Only the lines from the one containing "New 2026 Oxford" through the last line below belong in your copy; transcribe them exactly and omit any pictures.
+===+
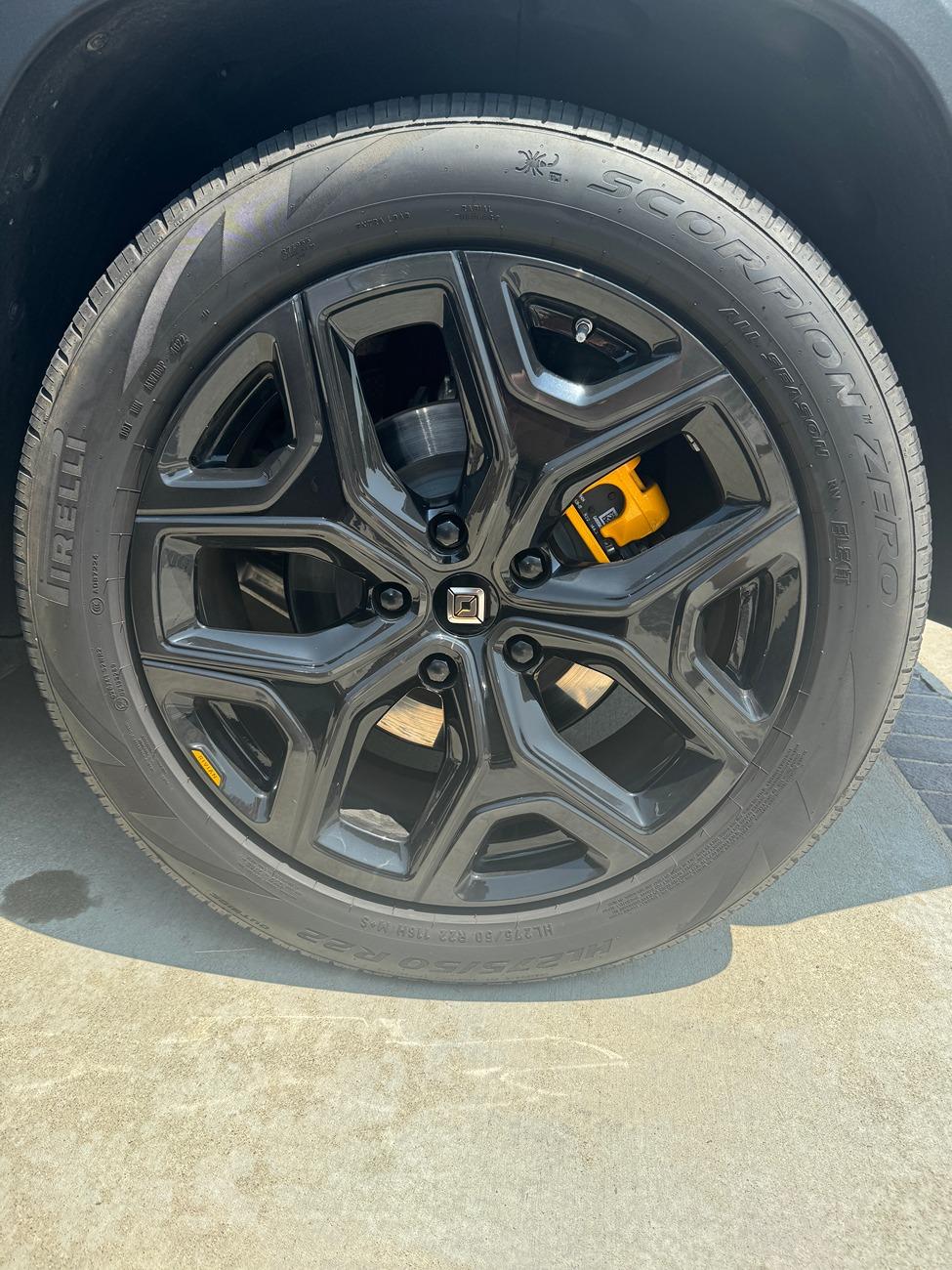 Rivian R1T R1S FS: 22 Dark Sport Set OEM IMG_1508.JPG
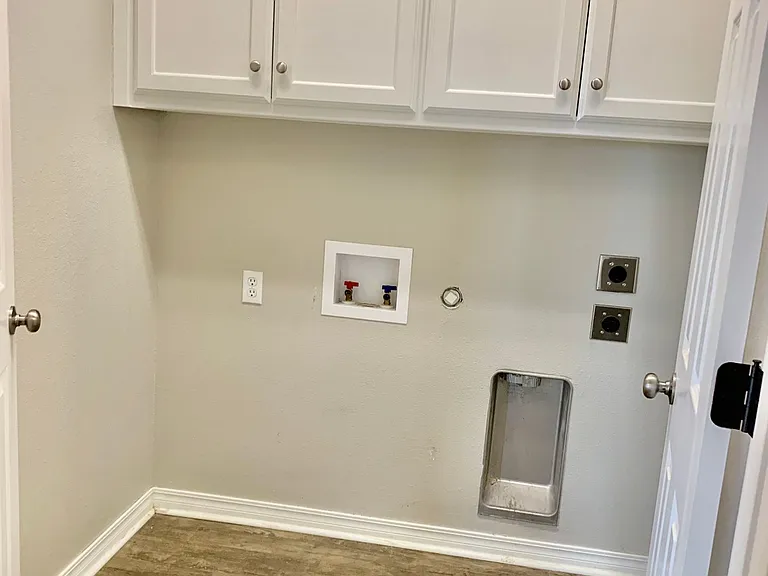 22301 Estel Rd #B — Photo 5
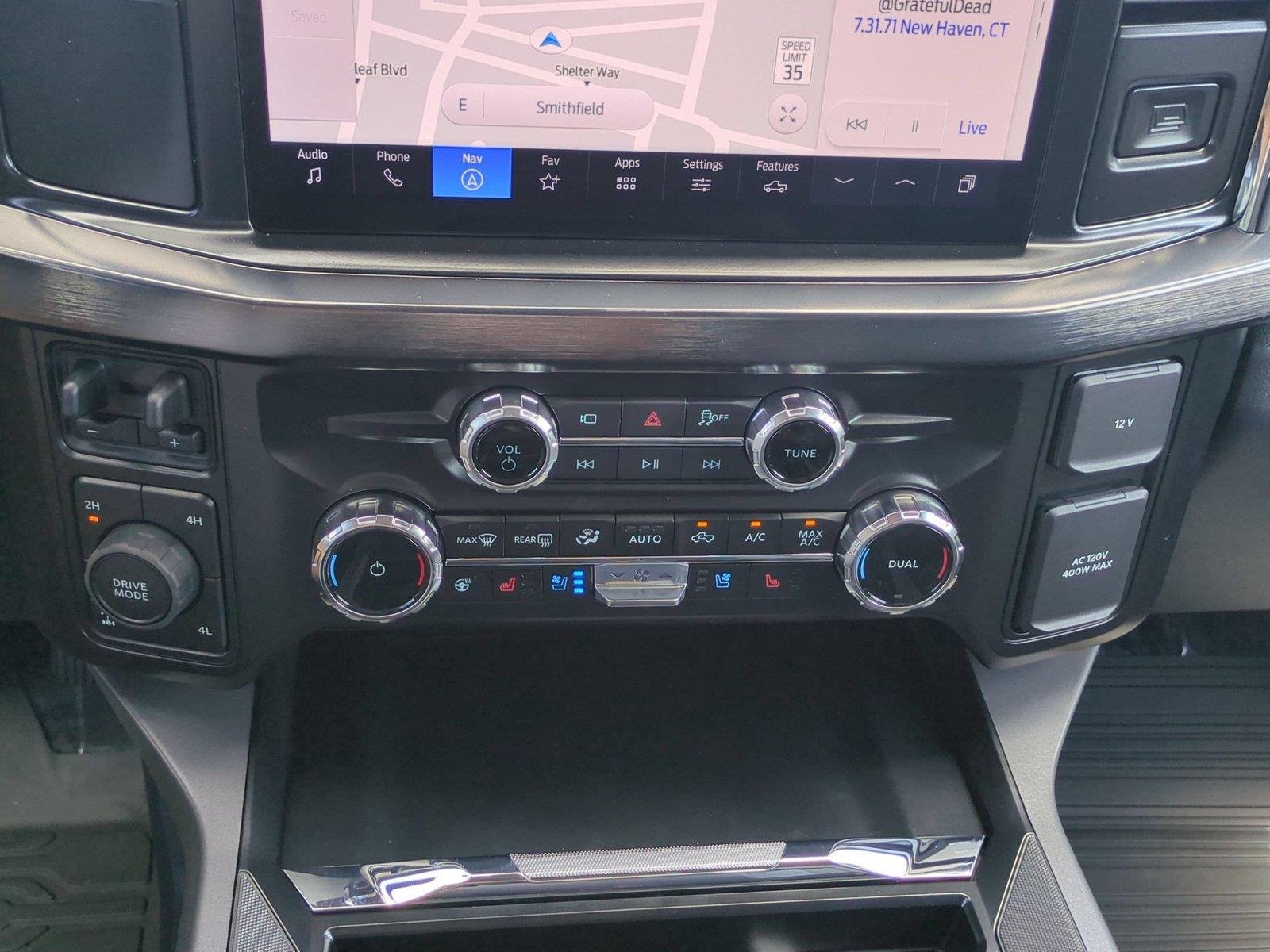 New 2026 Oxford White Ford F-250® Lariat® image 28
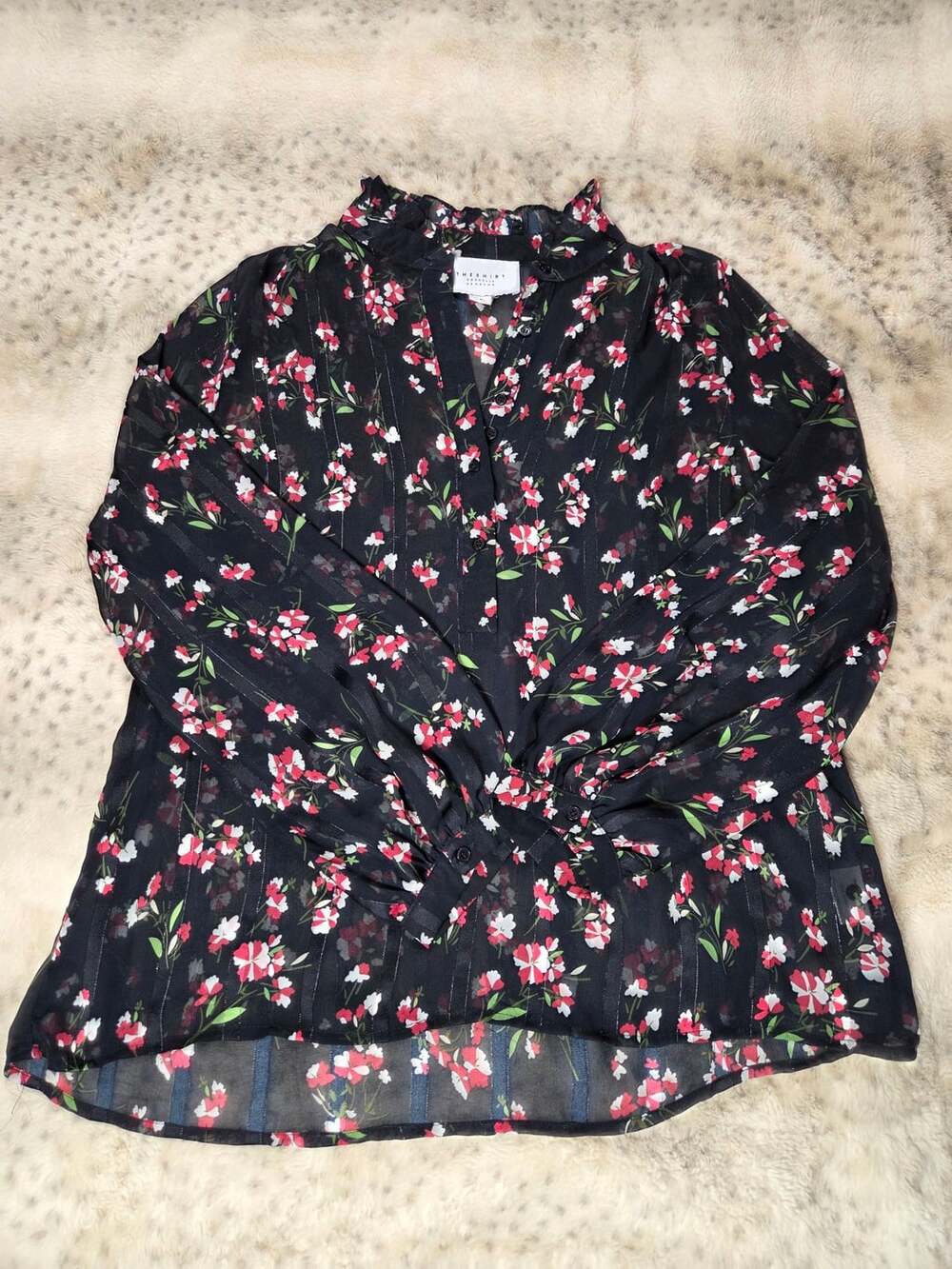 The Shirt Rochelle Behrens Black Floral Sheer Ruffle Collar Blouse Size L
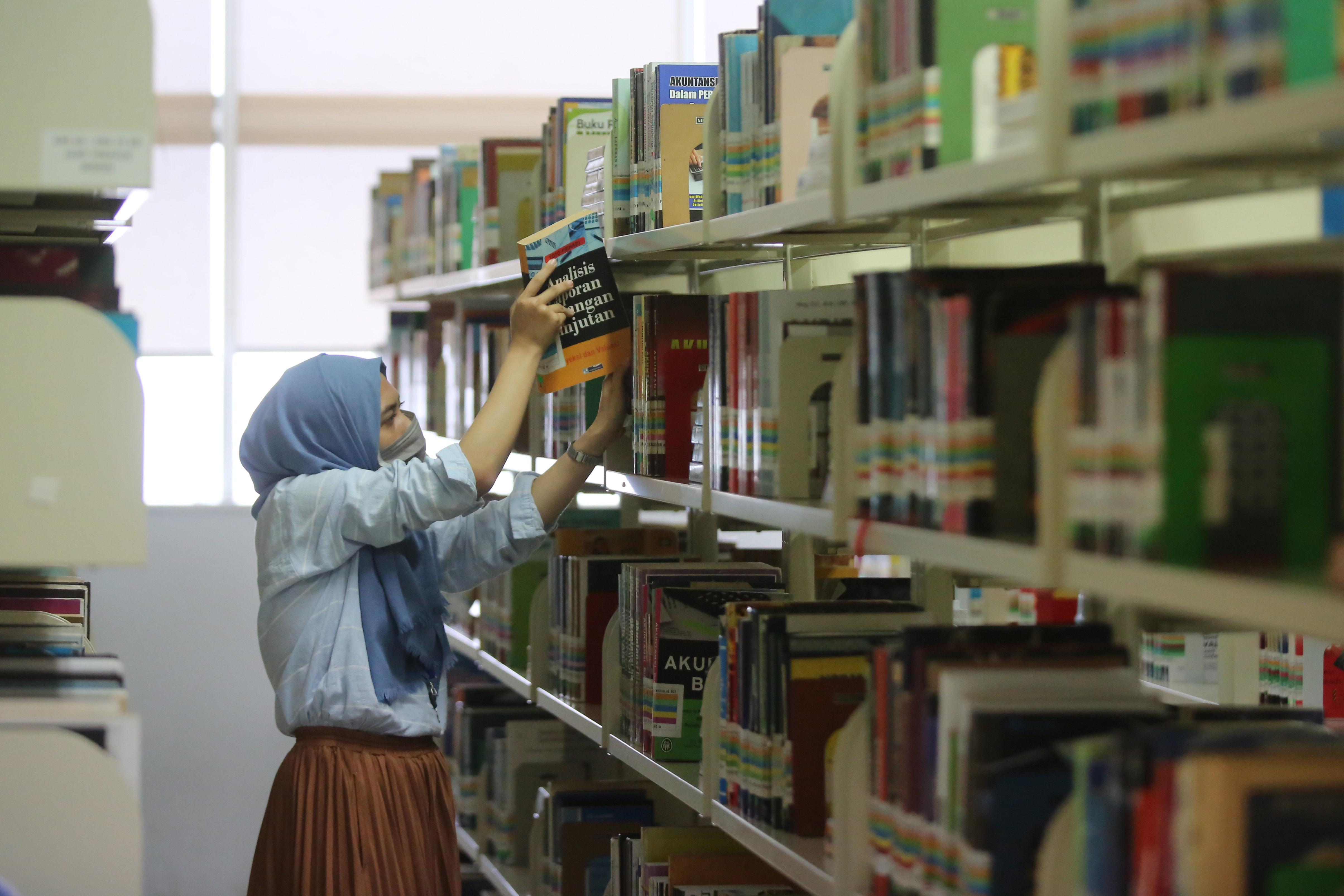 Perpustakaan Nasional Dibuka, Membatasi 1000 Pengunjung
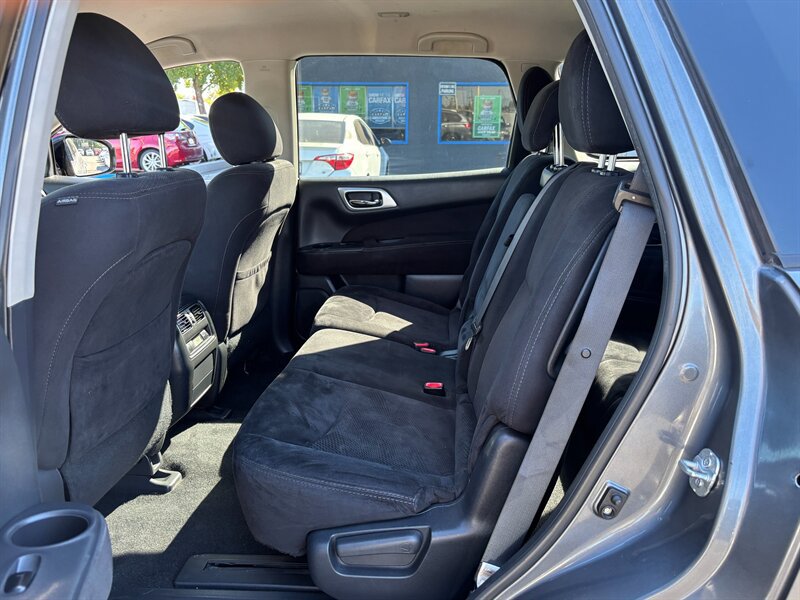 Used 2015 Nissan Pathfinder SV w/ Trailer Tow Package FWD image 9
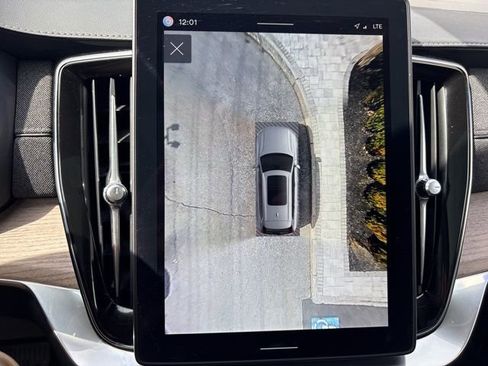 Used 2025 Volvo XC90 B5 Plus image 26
+===+
TASK RESPONSE:
 New 2026 Oxford White Ford F-250® Lariat® image 28
 The Shirt Rochelle Behrens Black Floral Sheer Ruffle Collar Blouse Size L
 Perpustakaan Nasional Dibuka, Membatasi 1000 Pengunjung
 Used 2015 Nissan Pathfinder SV w/ Trailer Tow Package FWD image 9
 Used 2025 Volvo XC90 B5 Plus image 26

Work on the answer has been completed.